Прериальские дни. Толпа восставших в Конвенте. С картины Делакруа
Проницательные граждане умело сочетали республиканский пыл со своими интересами. Они поставляли для революционных армий рубахи, седла, сапоги, гетры, фураж, сало, даже трехцветные знамена, и они неплохо зарабатывали. Другие просто спекулировали. Утром там перепродавали партии льна или запасы кожи, а вечером флиртовали, радовались победам неприятельских армий или просто разглядывали друг друга. Было что разглядывать! Мужчины щеголяли веерами, припудренными локонами, которые назывались «собачьими ушами», восемнадцатью пуговицами жилетов, дамы - греческими туниками «а-ля Диана» или «а-ля Клеопатра», сандалиями, изумрудными или оранжевыми панталонами, браслетами на руках и на ногах. В вопросах моды «Маленький Кобленц» был настроен революционно. Нужно было большое искусство, чтобы, выйдя после завтрака на улицу, не показаться к вечеру смешным провинциалом. У каждой дамы было по меньшей мере сорок париков. За четыреста-пятьсот ливров у ресторатора можно было получить скромный завтрак: бараний бок, шпигованного фазана, паштет из зайца, шоколадное суфле. Корсеты больше не стесняли красавиц, можно было есть всласть. Докторам приходилось теперь лечить не от болезней, но от здоровья, один из них разбогател на пилюлях, которые позволяли есть вовсю, не тучнея. Господин де Мэн только что приехал из Марселя. Он рассказывает о подвигах «Солнечного братства» - так зовут на юге порядочных людей. Они мигом очистили все тюрьмы. Это очень просто. У арестантов ведь нет оружия. А стража смотрит сквозь пальцы. Четыреста якобинцев за два дня! Притом это вовсе не обременительно.

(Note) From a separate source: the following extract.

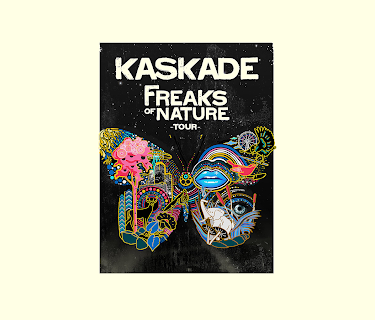 Kaskade: Freaks of Nature Tour (2015)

После сложных интриг и сговоров Баррас, Карно со своим сподручным Летурнером, желчный горбун Леревельер - проповедник «теофилантропии», наконец ловкий делец Рейбель получили парадные мундиры, шляпы с плюмажами, апартаменты в Люксембургском дворце и высокое наименование: «граждан директоров».

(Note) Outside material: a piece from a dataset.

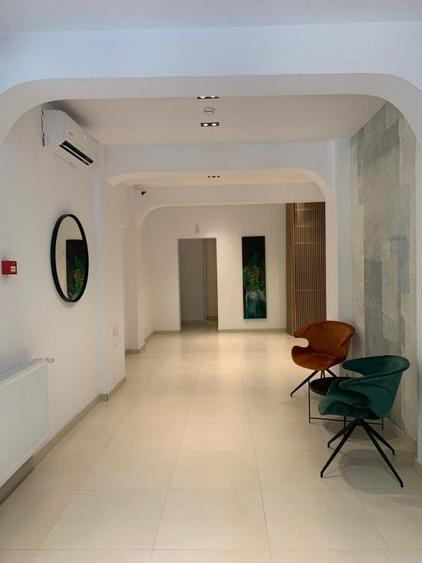 Birouri Titulescu 48- Piata Victoriei - 3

Во главе Директории - гражданин Баррас. У него рыхлое добродушное лицо. Один из заподозренных швейцаров видел гражданина Барраса в ванне и уверяет, что принял директора за женщину. Но ведь этот швейцар вообще неблагонадежен. Так или иначе на заседаниях Директории пол гражданина Барраса бесспорен: прежде всего, на нем нанковые панталоны. На нем также пестрые чулки, сапоги с желтыми отворотами, голубой фрак с восьмиугольными пуговицами, огромный белый галстук и зеленые перчатки. Важно блестит золотая шпага. На коленях большая шляпа с галунами. Гражданин Баррас воистину самый великолепный мужчина республики. Он галантен, ленив и томен - ведь он как-никак бывший виконт. У него нет никаких идей, зато он страстный охотник, великолепный рассказчик анекдотов и неотразимый ловелас. Революция для него - клад, неожиданное наследство, крупный выигрыш. Гражданин Баррас сорвал банк.

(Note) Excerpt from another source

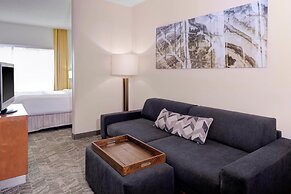 Springhill Suites Memphis East / Galleria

День 13 вандемьера. Войска Конвента расстреливают восставших у церкви Сен Рош. Современная гравюра
Вначале его затирал Робеспьер. Этот педант сам не умел жить и другим не давал. Баррас, однако, погулял с Фрероном на юге. Злые языки определяют тулонскую добычу директора в восемьсот тысяч ливров золотом. Скорей всего, это преувеличено: Баррасу приходится теперь подрабатывать, благо что Робеспьера больше нет. …В тщеславии сказывается его порода: он прежде всего - провинциал. Для него сплетни о швейцарах - вопрос государственной важности, а о финансах республики он судит, как о долгах своей покойной тетушки: вот тому бы не отдать, да из этого бы вытянуть немножко... Он притом южанин, провансалец. Об этом говорит запах - полный грации виконт смущает прелестниц ароматом: он обожает чеснок. Об этом говорят и чересчур бесцеремонные анекдоты, и хвастовство, и болтливость.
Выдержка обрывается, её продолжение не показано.